A diagram that looks something like a graph. The y axis is labeled energy. No x axis is shown. A short, horizontal line sits in space about a quarter of the way up from the bottom. It is labeled 1s. Another short, horizontal line sits in space about three quarters of the way up from the bottom. It is labeled 2s. A set of three short, horizontal lines sits in space about a four-fifths of the way up from the bottom. They are labeled 2p. Two short straight arrows are drawn at the first level with one pointing up and one pointing down. Two more short straight arrows are drawn at the second level with one pointing up and one pointing down. A note next to the top two levels says the energy gap is still too big so the electrons must pair up in the lower level.

Figure AT5.7.  The energetic trade-off between pairing electrons and moving up to the next sub-shell.

 

    A fifth electron goes into one of the 2p orbitals.  It doesn't matter which one.  We will say it is the px, arbitrarily.  A sixth electron again could either pair up in the px, or it could go into the py.  But the py energy level is really the same as the px, the electron is just found in a different direction.  The energy is the same.  That means a sixth electron will go into the py rather than pair up in the px, where it would experience extra repulsion.

A diagram that looks something like a graph. The y axis is labeled energy. No x axis is shown. A short, horizontal line sits in space about a quarter of the way up from the bottom. It is labeled 1s. Another short, horizontal line sits in space about three quarters of the way up from the bottom. It is labeled 2s. A set of three short, horizontal lines sits in space about a four-fifths of the way up from the bottom. They are labeled 2p. Two short straight arrows are drawn at the first level with one pointing up and one pointing down. Two more short straight arrows are drawn at the second level with one pointing up and one pointing down. Two more short straight arrows are drawn in two of the levels at the top but the third is left empty.

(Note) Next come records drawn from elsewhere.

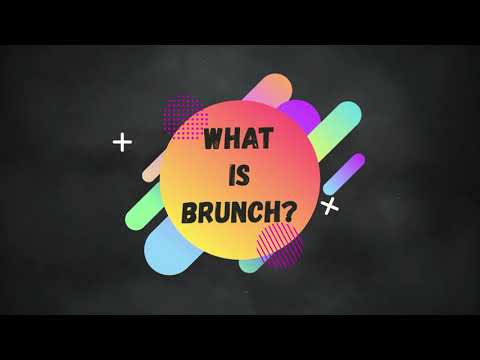 Hoe Laat Brunchen? Alles Over De Ideale Brunchtijd.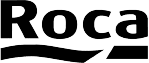 Logo del proveedor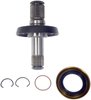 REAR OUTPUT SHFT KIT - image 2
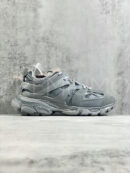 Balenciaga кроссовки PR732351 12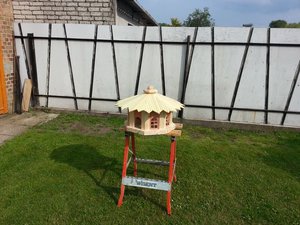 004.jpg (124.68 KiB) 5802 mal betrachtet 004.jpg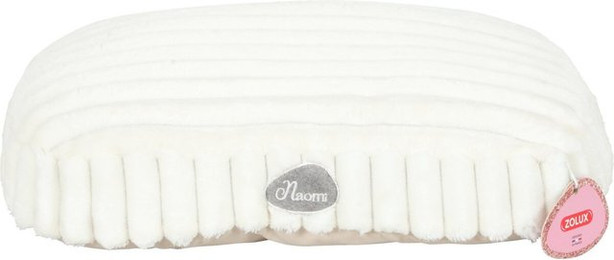 Produktbild von Katzenkissen Zolux Naomi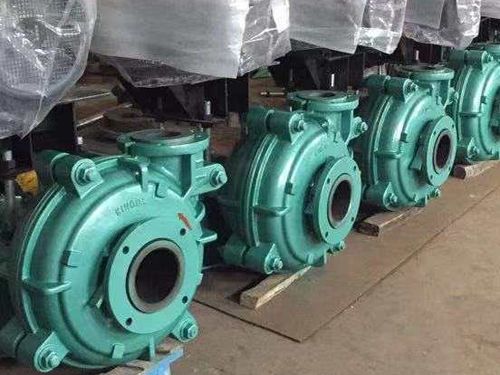 ��ˮ���{��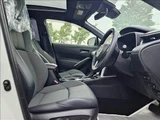 2025 Toyota Corolla Cross HYBRID Z Sedan for sale, Japanese used car export - photo 4 of 20 | GULJI TRADERS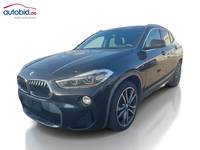 Náhled zpředu zleva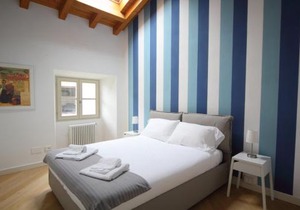 Verbania - Luxury Italy Apartments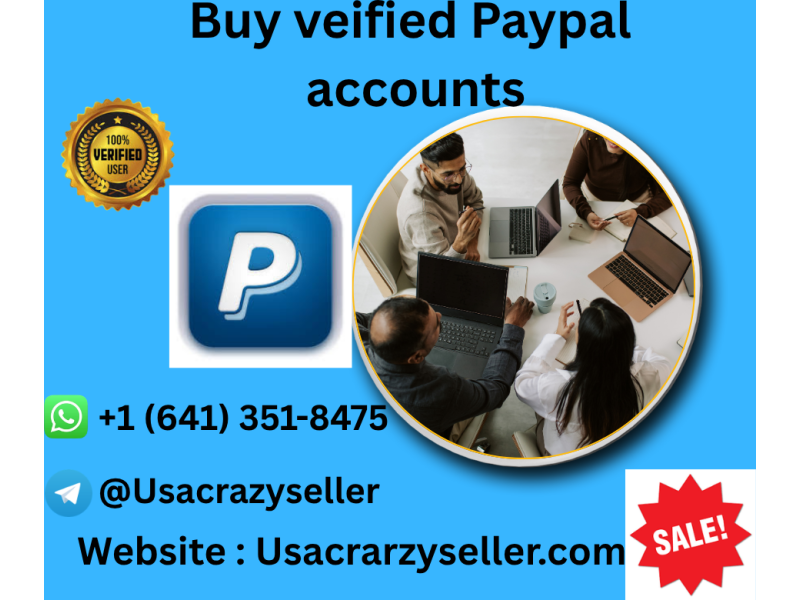 buy-verified-paypal-accounts-small-0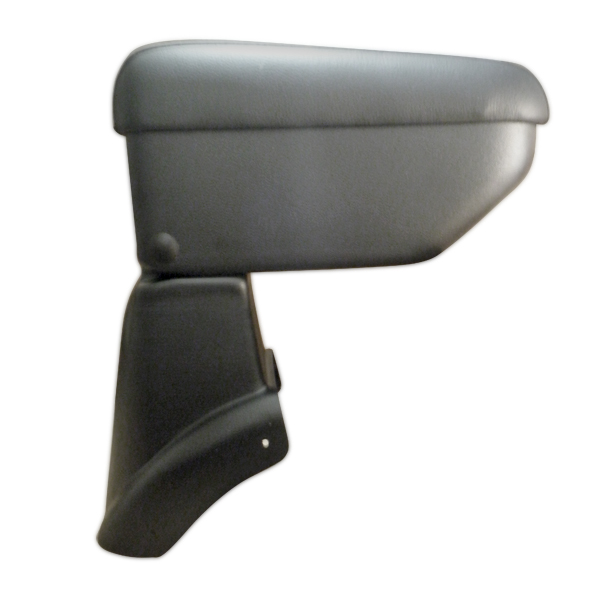Κονσόλα Χειροφρένου CIK Για HONDA CIVIC 3D / 5D 2001 - 2005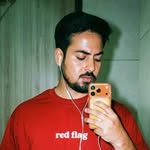 deepawwk profile picture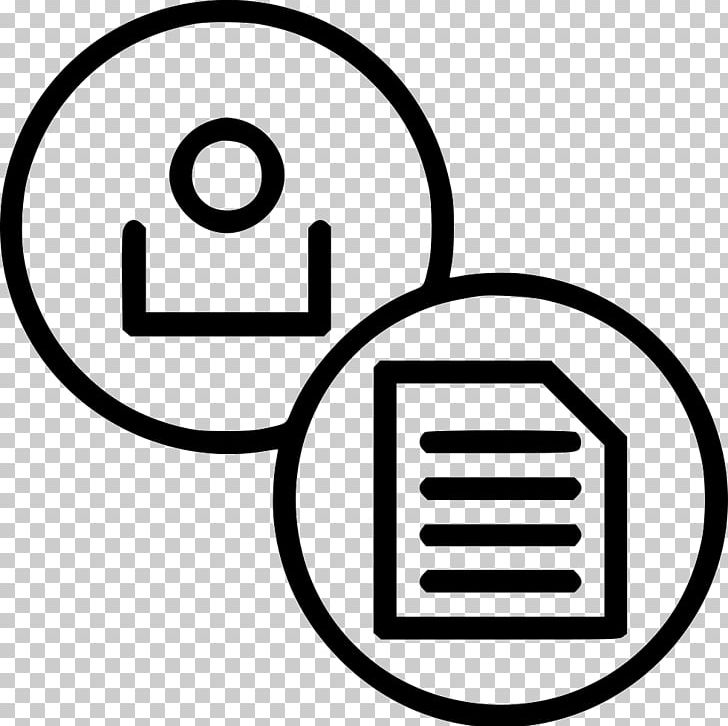 Computer Icons Portable Network Graphics Scalable Graphics Bank PNG, Clipart, Account, Area, Bank, Black And White, Brand Free PNG Download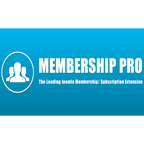 درگاه های پرداخت کامپوننت OsMemberShip جوملا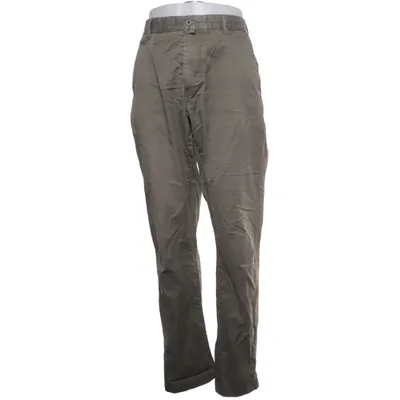 Chinos (BAXTER REGULAR FIT) from Baxter Cotton, Elastane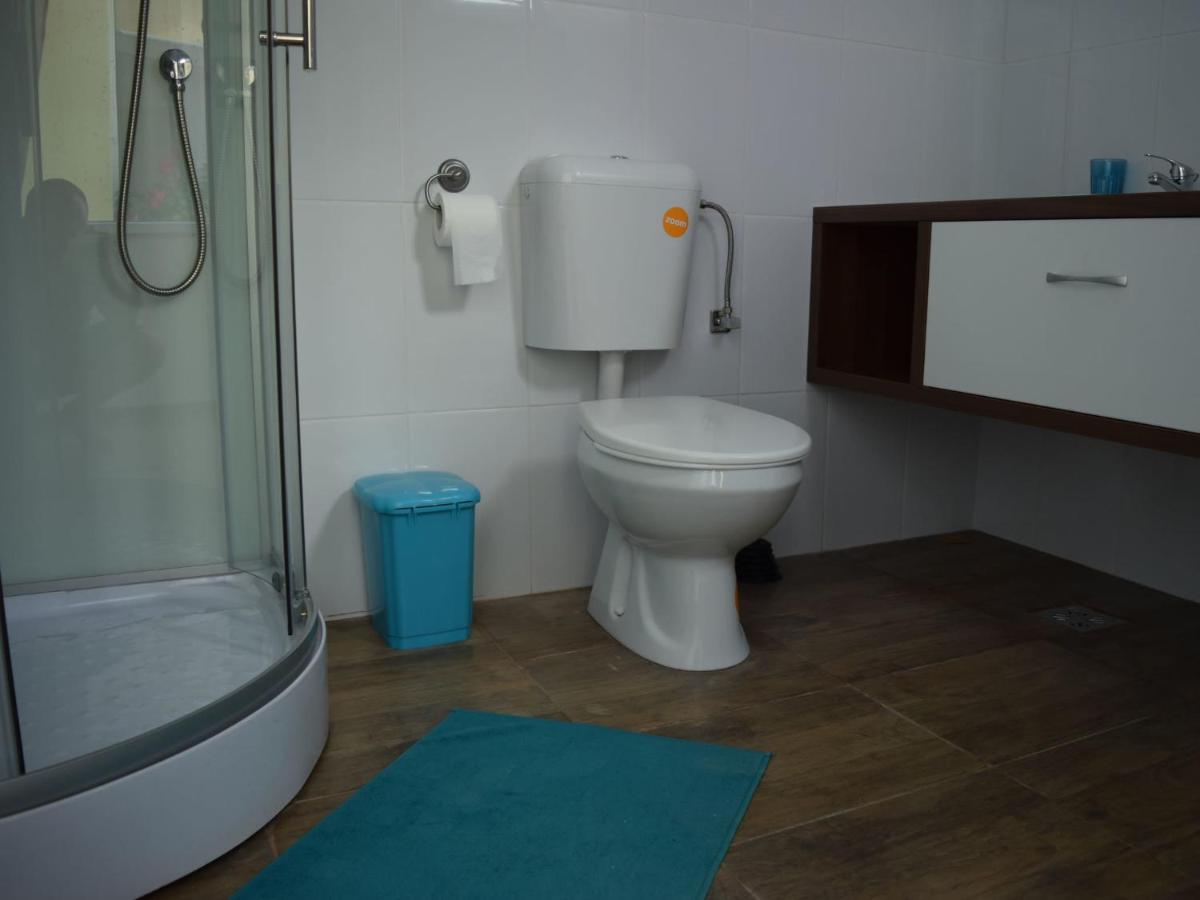 BrasovApart Republicii - Housity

A note says there is no energy gap so the electrons can spread out.

Figure AT5.8.  The energetic trade-off between pairing electrons or going into an orbital in the same sub-shell.

 

 

    This pattern of "filling" electrons is generally followed for all of the elements.  The tally of how many electrons are found in each orbital is called the electron configuration.  For example, hydrogen has only one electron.  Its ground state configuration (that means, assuming the electron hasn't been excited to another orbital via addition of energy) is 1s1.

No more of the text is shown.